ManpowerGroup Inc. (MAN - Free Report) is scheduled to report first-quarter 2020 results on Apr 21, before the opening bell.
So far this year, shares of the company have declined 37.7% compared with 38.8% fall of the industry it belongs to.
Here are the expectations in detail.
Challenging market environment in Europe is likely to have hurt ManpowerGroup’s first-quarter revenues. The Zacks Consensus Estimate is pegged at $4.33 billion, which indicates a decline of 14.1% year over year.
The Southern Europe segment’s revenues are likely to have declined due to weakness in France and Italy. The consensus mark is pegged at 2.1 billion, which suggests a 0.6% decline year over year. Weakness in Germany, Belgium and the Netherlands, might reflect on Northern Europe segment’s revenues. The consensus mark is pegged at 1.1 billion, which calls for year-over-year decline of 5%.
In the APME segment, sales are expected to have declined because of weakness in Australia.
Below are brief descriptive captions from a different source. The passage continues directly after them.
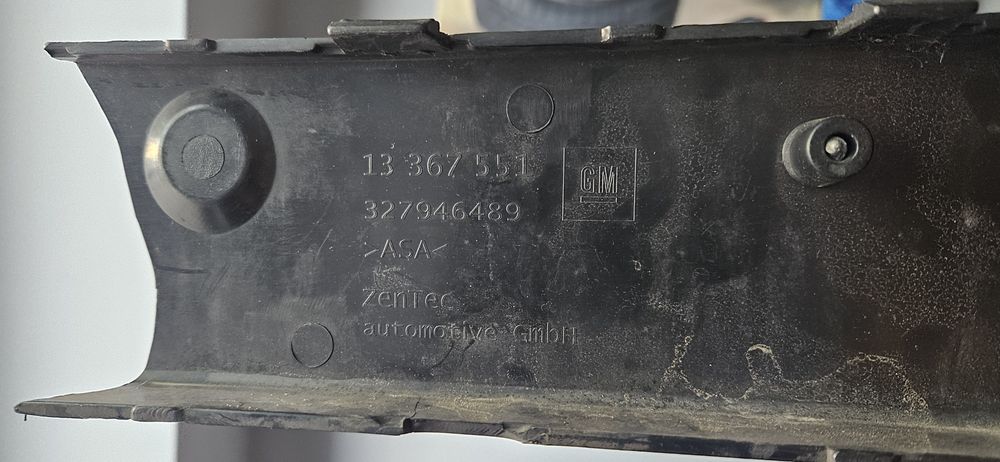 Kratka i listwa zderzaka OPEL ASTRA J GTC OPC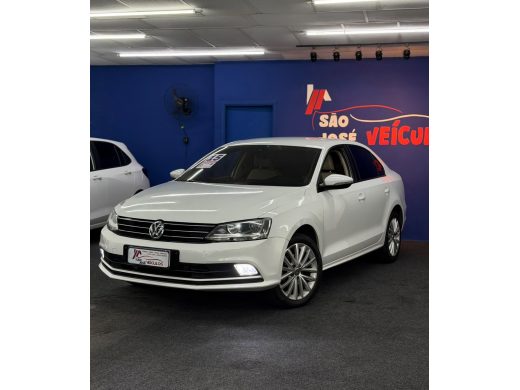 VOLKSWAGEN Jetta - foto 4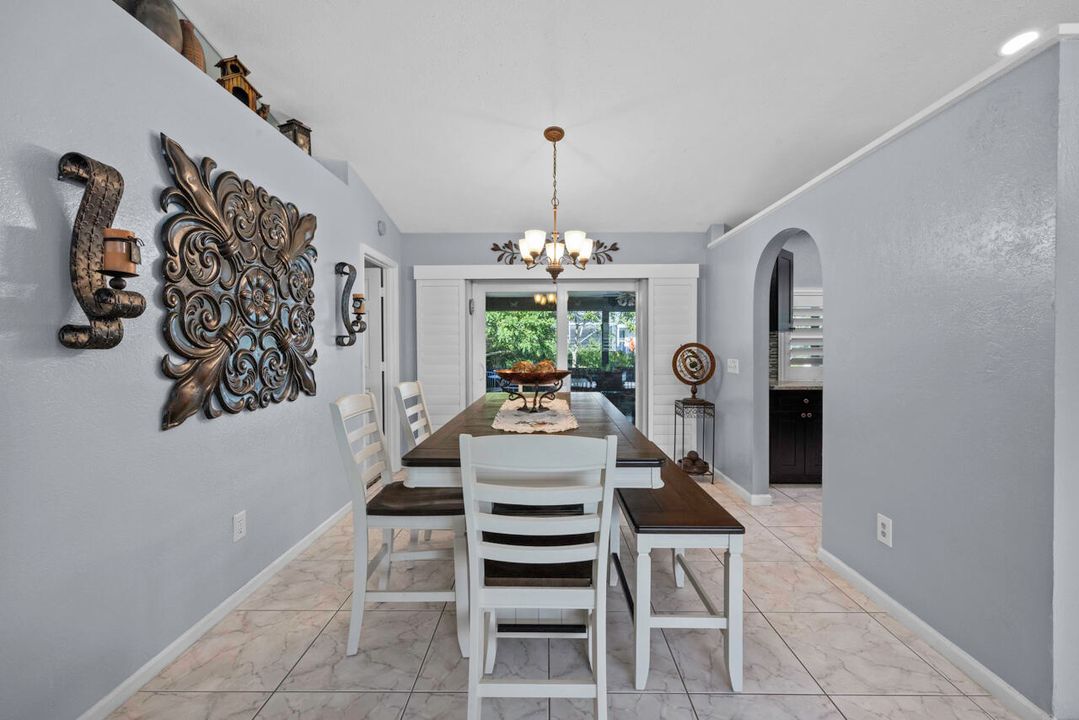 For Sale: $415,000 (3 beds, 2 baths, 1614 Square Feet)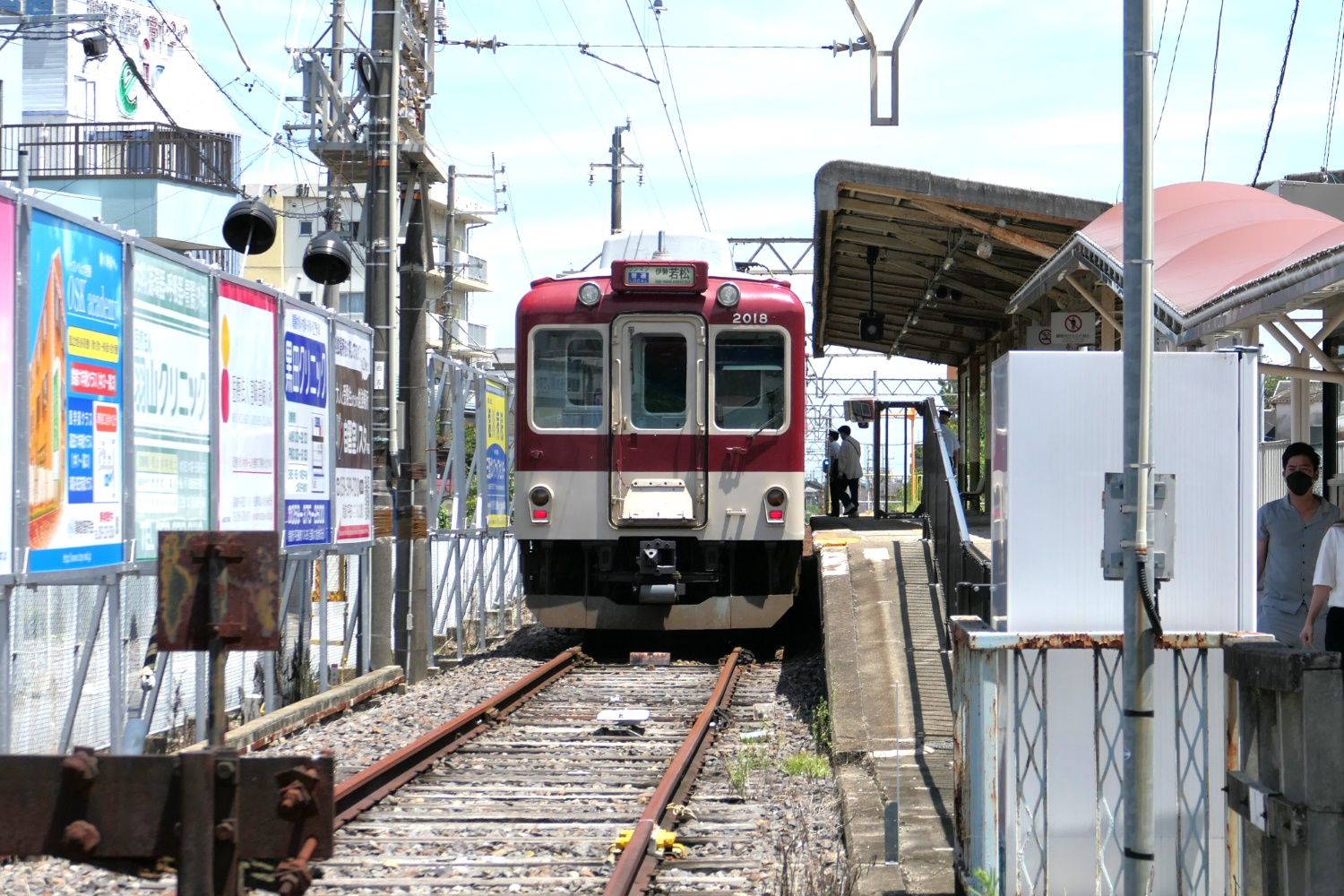 平田町駅に停車する2000系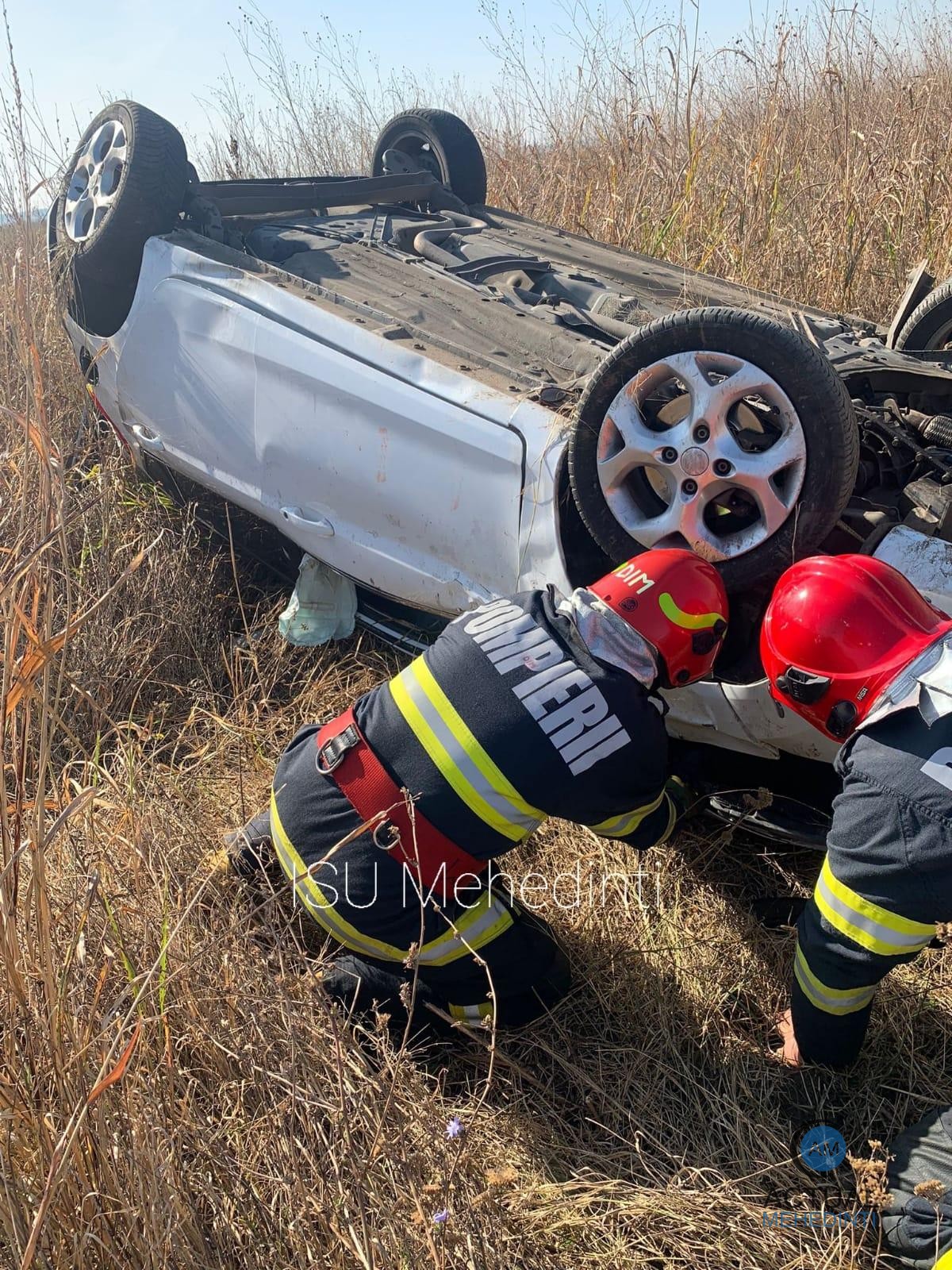 Accident în Salcia! S-a răsturnat cu mașina.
The consensus mark is pegged at $595 million, which suggests a year-over-year decline of 15%.
The Americas segment is likely to have performed well on the back of revenue growth in the Other Americas subgroup. The consensus mark is pegged at $1 billion, which indicates year-over-year increase of 2%.
In fourth-quarter 2019, revenues of $5.2 billion dropped 3.6% year over year.
Earnings Likely to Decline
Weak operating performance is likely to haveaffected ManpowerGroup’s earnings in the to-be-reported quarter. The Zacks Consensus Estimate for first-quarter earnings is pegged at 97 cents per share, which indicates a decline of 30.22% from the year-ago quarter’s reported figure.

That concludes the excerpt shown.